While Andre is still working on his data-driven approach, we have implemented the preliminary version.
The whole development consists of the following features:

svd_bank.py : compute lambda-eta related quantities for each template and store them in Gamma2-4 columns
gstlal_inspiral_create_prior_diststat : take these four quantities from sngl_inspiral_table in a given svd bank file and pass it to new add_signal_model_analytic to construct ifo-dependent signal model (note that the auto-correlation depends on ifo through its PSD, so the resultant signal model technically varies over ifos)
inspiral_lr.py : accommodate the ifo-dependent signal model. also, since the new signal model is supposed to be more accurate without KDE, the KDE smoothing is disabled in finish() only for the signaldensity class
inspiral_extrinsics.py : add add_singl_model_analytic() in NumeratorSNRCHIPDF class. That constructs a new signal model for given lamda-eta related quantities and marginalize over given mismatch range.

things to discuss

Since this new signal model is not supposed to be KDE-ed, I disabled it when calling finish() for the numerator pdf (see here). As expected, this created some region in SNR-chisq space where lnP cannot be evaluated, e.g. whitened region in the histogram plot paster below. This caused the program to crash when sampling such a region as it would have returned NaN value. So I avoided it by adding fast-cut here so that rankingstat.numerator(**kwargs) returns NegInf for samples falling onto the region.
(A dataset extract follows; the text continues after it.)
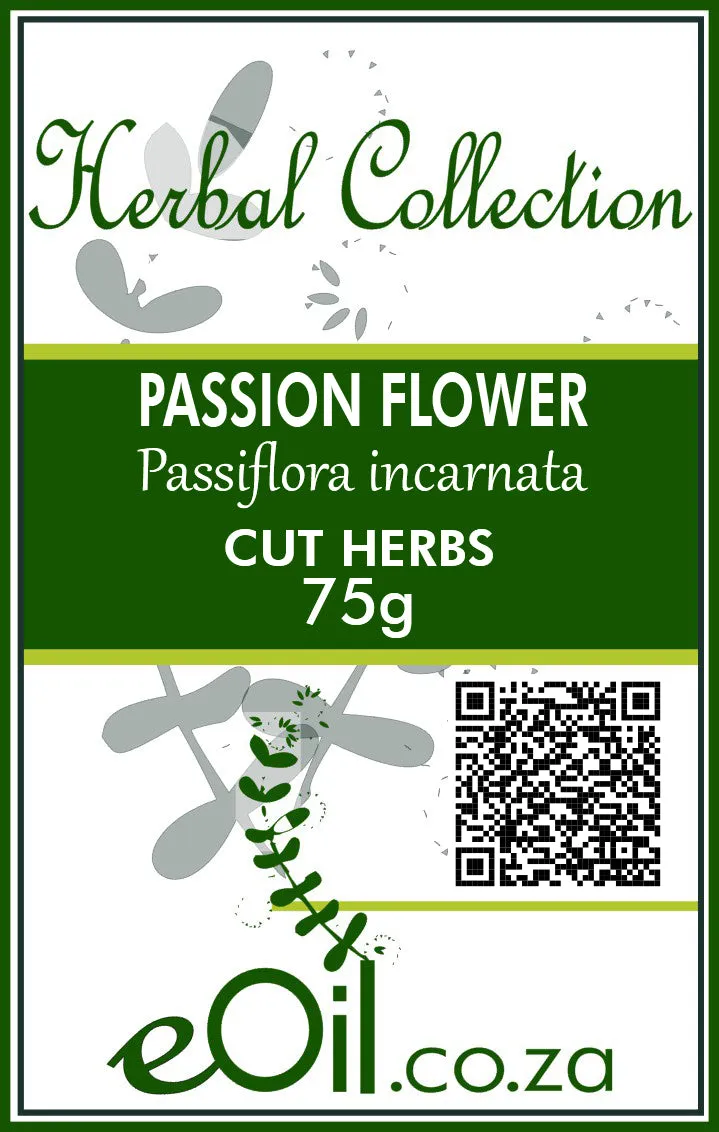 Passion Flower Dried Herb Cut (Passiflora incamata) - Herbal Collection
Since those samples don't really contribute to our background model anyways, this fast-cut shouldn't make much impact on FAR estimates, etc... But I would like to make sure that this is a right thing to do, or if there is any smarter way to do this, e.g. adding negligible yet non-zero prior onto the entire param space.
Or maybe should I just have expanded this limited region such that it will relax the boundaries in chisq and SNR=1e10?

Test results

I tested this new signal model with a rerank dag using Cort's offline dag with the manifold bank + mu sorting.
Cort's offline open box results New offline open box results

VT-FAR plot

Cort's original run
New run
ratio

VT-total SNR plot

Cort's original run

new run

ratio

The VT - FAR plot suggests that there is actually consistent improvement for BNS and lighter BBHs by 10 - 20 %. and the VT - SNR seem to imply that that improvement mostly come from SNR ~ 8-ish.
In these results, the ifo-dependent horizon factor was also implemented.

injection recovery table

The injection recovery suggests that the one with the new signal model found more injections for most of the categories compared to the old results.
old

new

SNR-`\xi^2` histogram plots (H1 + no KDE)

BNS bin

old

new

NSBH/BBH bin

old

new

BBH bin

old

new

IMBH bin

old

new

In general, the new signal model show larger width at SNR~10 but narrower width at SNR~100 throughout these bins.
Also note that the width dependes on mismatch range one gives to the gstlal_inspiral_create_prior_diststat program. For the above plots, the mismatch range of 0.1 - 30% was given.

analytic VT comparison

As suggested by Kipp, Here is the comparison between the analytic and measured VTs. The one with the new signal model seems to improve the accuracy of the analytic VT compared to that from Cort's run for BNS and lightest BBH categories, which is consitent with the fact that the new signal model improved VT for these two categories. Note that the both analytic and measured VTs vary between the two runs as the injection databse and diststat pdf are different.